Solving Fairness Issues
Regulators must ensure that organizations develop fair, high-quality algorithms through ethical data collection, population of representative data sets based on the treatment community, and counterfactual testing to ensure that AI healthcare technology does not render discriminatory or unsafe results. In addition to regulation, organizations can also leverage Algorithmic Impact Assessments (AIA) to demonstrate that their technologies pose very low risk to individuals which will enable regulators like the U.S. Food and Drug Administration (FDA) or certified third parties to ensure safety and fairness. As organizations not typically regulated by the FDA enter the healthcare marketplace, Congress will likely need to determine whether the FDA should be the primary organization to regulate healthcare AI, and, if not, how to coordinate between various regulatory agencies.
A central question for any agency regulating AI is exactly how to regulate highly complex algorithms. Unfortunately, the “black-box” or opaque nature of AI healthcare algorithms makes the possibility of predicting unfair outcomes less likely. Opacity can be technical, in that the technology may be so complex that exactly how it renders a result or recommendation is impossible to identify or not terribly helpful to explain (inscrutability). Moreover, “unlocked” or continuously learning algorithms, such as unsupervised machine learning systems, routinely change how decisions are rendered; unlocked algorithms may be dynamic. Dynamic inscrutability, therefore, makes it difficult to determine how a decision or recommendation was rendered and whether it is unfair or unsafe. Moreover, legal choices by organizations, such as a decision to protect an AI technology with trade secrecy or confidentiality limitations, can limit its ability to disclose information associated with the technology.

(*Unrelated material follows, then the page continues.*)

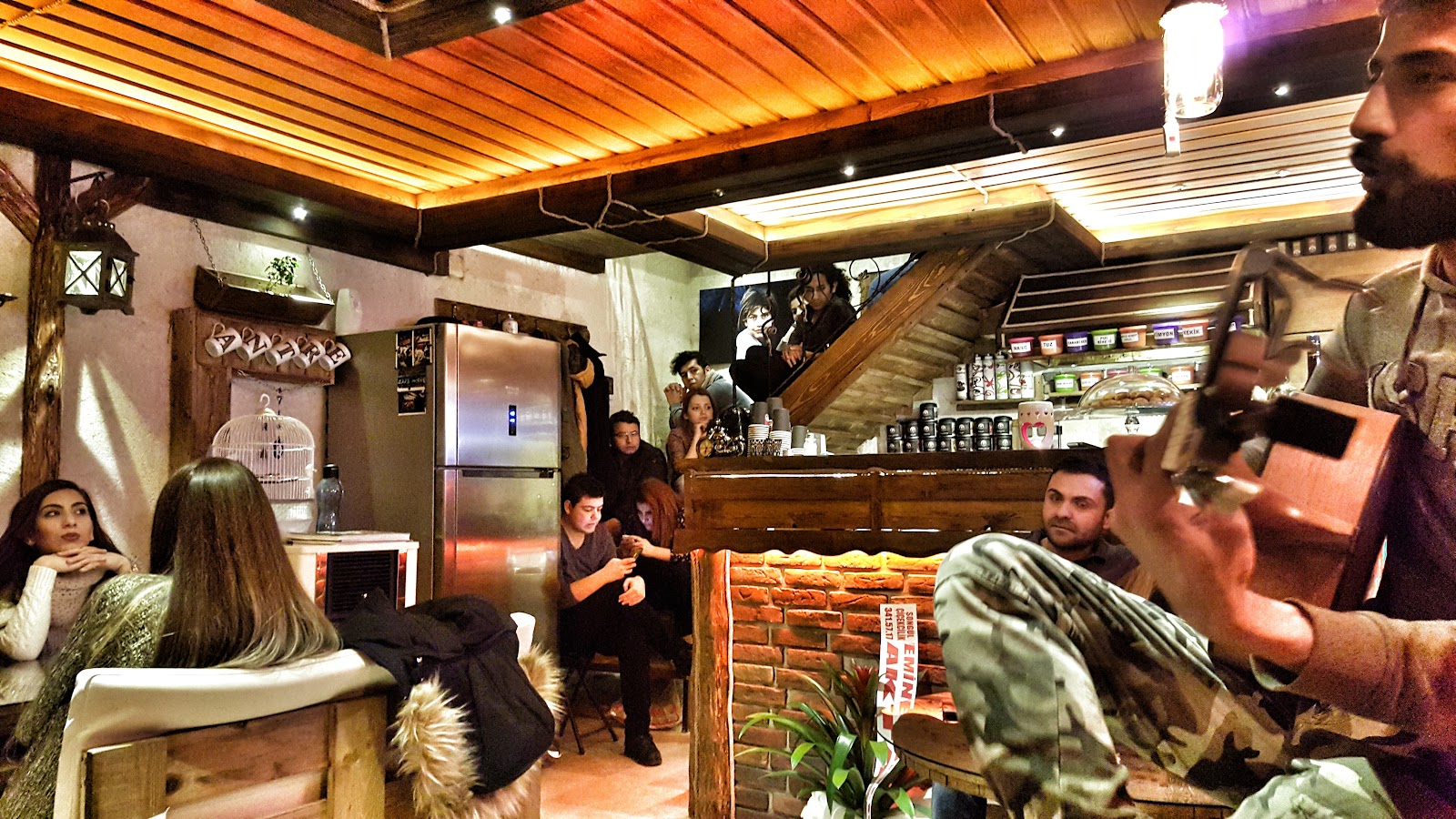 Cafe Antre Pub mekanı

Whether changes to AI healthcare technologies are issued as scheduled code releases and updates to an existing product or the algorithm is designed to change and learn as it is used, solely regulating AI development will fail to anticipate downstream fairness and safety issues. The FDA could require organizations to flag potential downstream issues, just as it requires for the devices it currently regulates. Continuous testing, which could be completed by a second AI utility, could also detect unfairness and safety issues. Organizations could also be required to deposit a functioning, updated AI algorithm in a publicly available location, which would enable both competitors and advocacy groups to test it and report issues. The U.S. could also pass a law requiring organizations using or creating AI to explain their healthcare AI decisions at the demand of patients, like the European Union’s automated decision-making explanation requirement under the General Data Protection Regulation. Although explanations or interpretations may not provide the type of information that could reveal fairness or safety issues, organizations could potentially leverage algorithms specially designed to provide explanation or interpretation. Moreover, such laws should also address discretionary legal choices that otherwise limit explanations or other technology disclosures.
Transforming the quality and efficacy of healthcare experiences for the most vulnerable and under-resourced of our communities requires a carefully crafted approach beginning with data selection and including activities by regulators. This collection explores algorithmic bias in relation to data collection and the resulting impacts to individual interests and potential avenues for creating fair, efficacious technologies that will improve healthcare.